Chemical Information
Application
Chemical Information
| Synonyms | BTTAA; (4-{[bis-(1-tert-butyl-1H-[1,2,3]triazol-4-ylmethyl)-amino]-methyl}-[1,2,3]triazol-1-yl)-acetic acid |
| IUPAC Name | 2-[4-[[bis[(1-tert-butyltriazol-4-yl)methyl]amino]methyl]triazol-1-yl]acetic acid |
| SMILES | CC(C)(C)N1C=C(N=N1)CN(CC2=CN(N=N2)CC(=O)O)CC3=CN(N=N3)C(C)(C)C |
| InChI | InChI=1S/C19H30N10O2/c1-18(2,3)28-11-15(21-24-28)8-26(7-14-10-27(23-20-14)13-17(30)31)9-16-12-29(25-22-16)19(4,5)6/h10-12H,7-9,13H2,1-6H3,(H,30,31) |
| InChIKey | MGQYHUDOWOGSQI-UHFFFAOYSA-N |
| Solubility | Soluble in water, DMSO, DMF, MeOH |
| Appearance | Off-white to Grey Solid |
Application
BTTAA ligand is a bidentate tris(triazolylmethyl)amine ligand commonly used to accelerate copper(I)-catalyzed azide–alkyne cycloaddition (CuAAC) by stabilizing the active Cu(I) species. Its coordination-friendly, click-optimized structure makes it particularly relevant for workflows that require fast labeling under mild conditions, including sensitive biomolecule conjugation and high-throughput probe preparation. As a widely adopted additive, BTTAA ligand is frequently selected to improve labeling efficiency and reproducibility across diverse substrates and material surfaces.
1. CuAAC Probe Labeling
BTTAA ligand is used in CuAAC-based probe synthesis to support efficient conversion of azide and alkyne partners into stable triazole-linked products. Researchers rely on BTTAA ligand when preparing fluorescent tags, affinity handles, and detection reagents for analytical chemistry and chemical biology, where consistent labeling across different biomolecular scaffolds is important. In practical reagent development, the ligand helps mitigate variability caused by substrate-dependent copper speciation, enabling more robust assembly of labeled libraries for downstream imaging, binding assays, and method development.

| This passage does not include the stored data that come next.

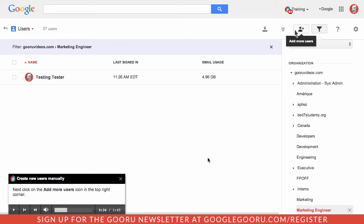So you can see the really cool thing about this training tool is that it's completely interactive. It'll switch through your Admin Console for you. You can click and follow along with the lesson and you can really learn a lot about Google Apps.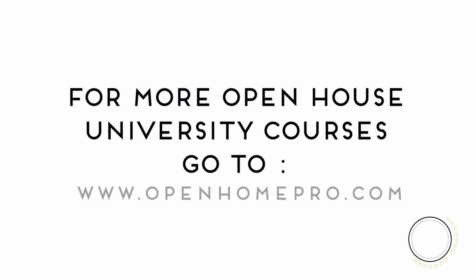That's it! Thanks for taking the time to view this video. Join us next time on Open House University.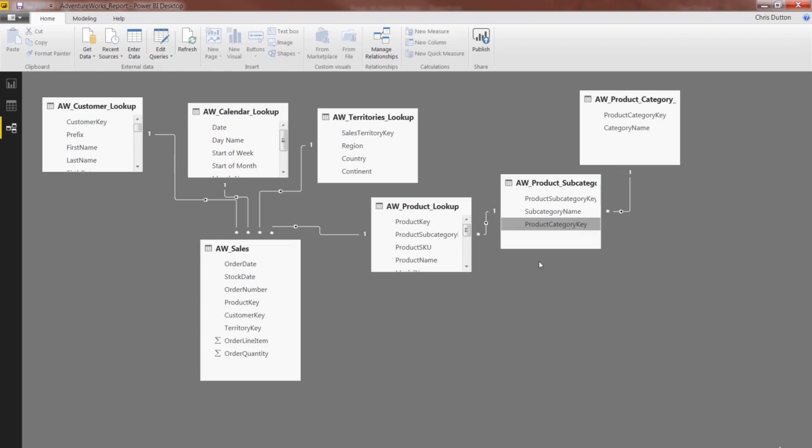So there you have it. We've created a little snowflake schema here, and we've officially wired up all of the tables that currently exist in our model. So go ahead and give the file a save, and then we'll move on to managing and editing these relationships.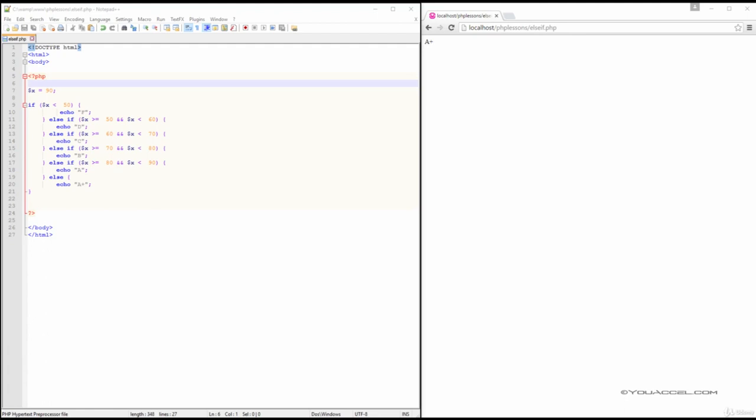Say, for example, we wanted to create a grading system that converts a student's test score out of 100 marks into a letter grade.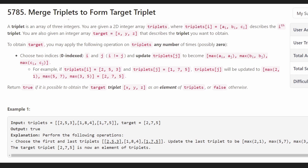Hey everyone, welcome back and let's write some more neat code today. So today let's solve a problem from today's LeetCode contest: merge triplets to form target triplet. This problem is actually a little bit easier than you might think.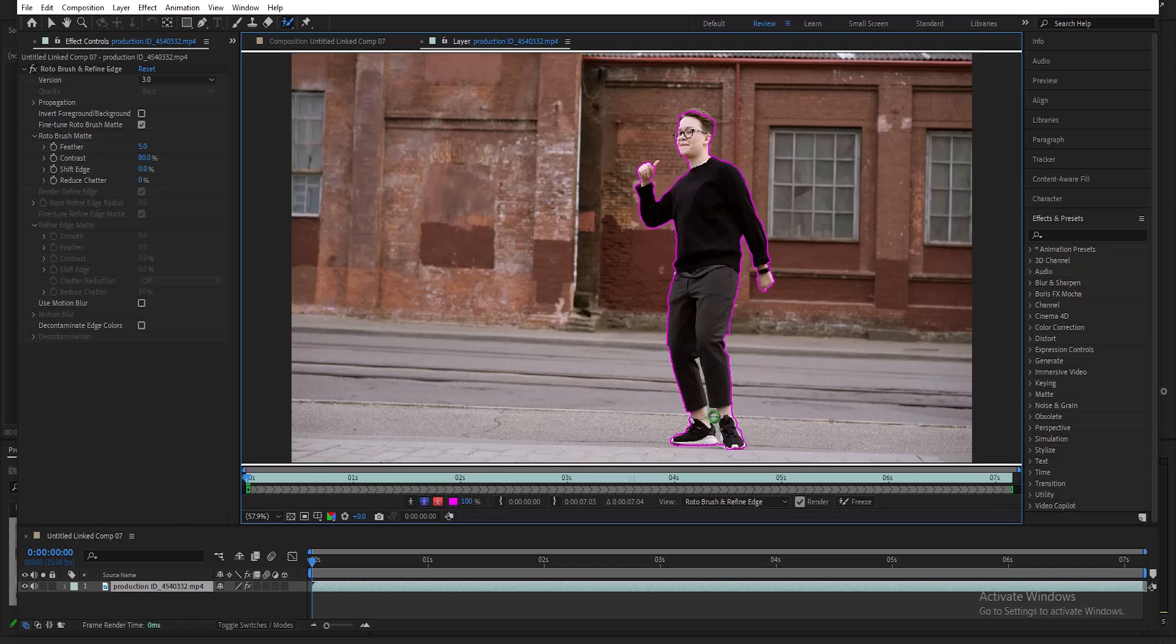And I'm going to hold down Alt and deselect this portion in between his feet. And I'm going to select this portion over here.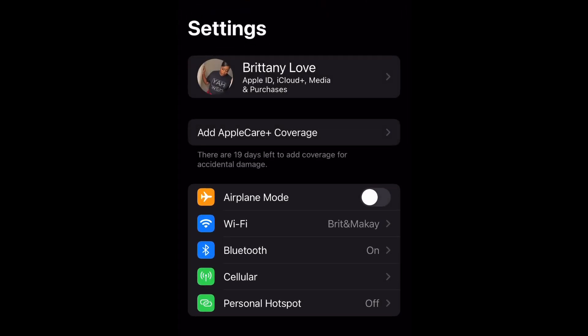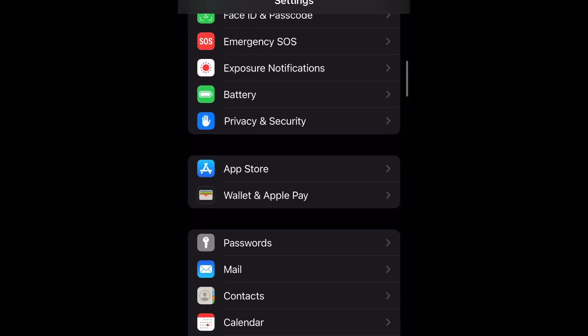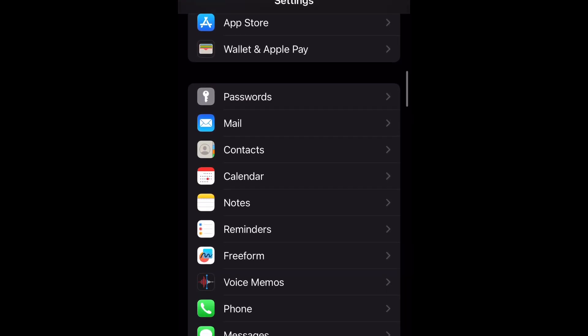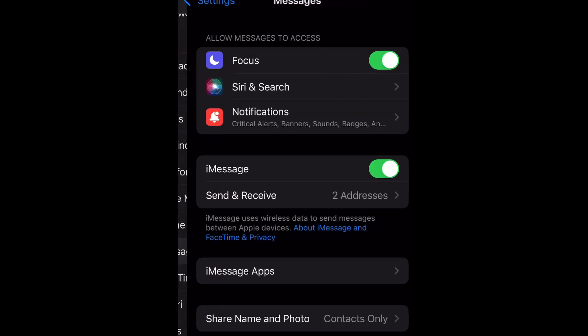Go ahead and open up your Settings and scroll down to Messages, and then you're going to select it. I'm demonstrating on an iPhone 14.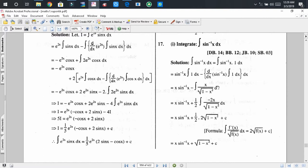If we put the differential of the function inside the square root — that is the differential of (1 − x²) — then we can apply the formula: the integral of f′(x) dx divided by √(f(x)) equals 2√(f(x)) + C.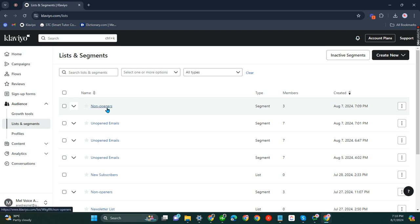That's about it. That's how you can duplicate receiver segments in Klaviyo. If you have any questions, please let me know down in the comments below, and I'll do my best to help you out.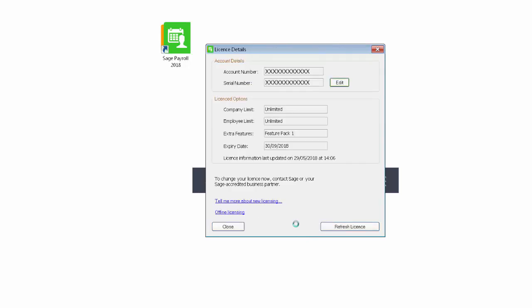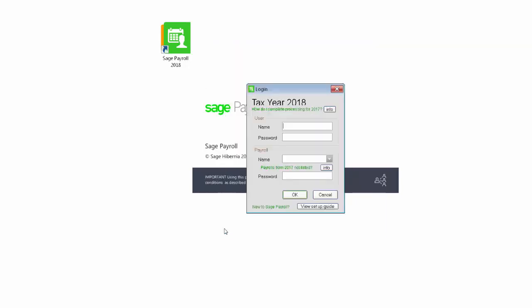You've now successfully licensed your software and you can click Close and log in to the Sage Payroll software as normal.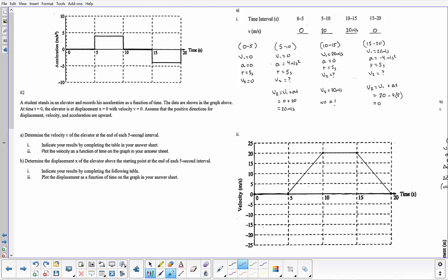My answers are up top: zero is the velocity at the end of the first five seconds; they're going 20 meters per second at the end of the next five seconds; 20 meters per second — I didn't need to include that unit again, it's already implied by the table — and then finally the last segment finishes at zero.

2. Biomolecule Conjugation Workflows
BTTAA ligand is commonly incorporated into bioconjugation protocols to generate triazole-linked conjugates from azide-functional biomolecules and alkyne-bearing partners. Molecular biology groups and chemical biology laboratories use BTTAA ligand to streamline labeling of proteins, peptides, glycans, and nucleic-acid derivatives where reaction conditions must remain compatible with complex, functional biomolecular environments. The ligand’s role as a Cu(I)-stabilizing additive supports reproducible conjugation outcomes, which is valuable for building standardized reagent sets for mechanistic studies, target engagement tools, and platform development.
3. Surface and Material Functionalization
BTTAA ligand is applied to surface chemistry and materials functionalization strategies that use CuAAC to attach bioactive or analytical moieties to solid supports. Materials scientists and diagnostic reagent developers use BTTAA ligand to promote efficient coupling on polymer surfaces, hydrogel matrices, and microfabricated platforms where copper access and local environment can influence labeling yield. By improving the reliability of CuAAC under heterogeneous conditions, BTTAA ligand supports the preparation of functional coatings, affinity surfaces, and immobilized probe arrays used in binding studies and analytical workflows.
4. Molecular Imaging Reagent Assembly
BTTAA ligand is frequently used during the construction of imaging-oriented click probes that require triazole-linked architectures for stable conjugate formation. Imaging chemistry teams and molecular imaging researchers incorporate BTTAA ligand into labeling pipelines to assemble conjugates that combine targeting motifs with reporter groups such as fluorophores or other detectable tags. Practical probe development often depends on consistent CuAAC performance across multiple functional components, and BTTAA ligand is selected to support dependable assembly of imaging reagent candidates for screening and characterization workflows.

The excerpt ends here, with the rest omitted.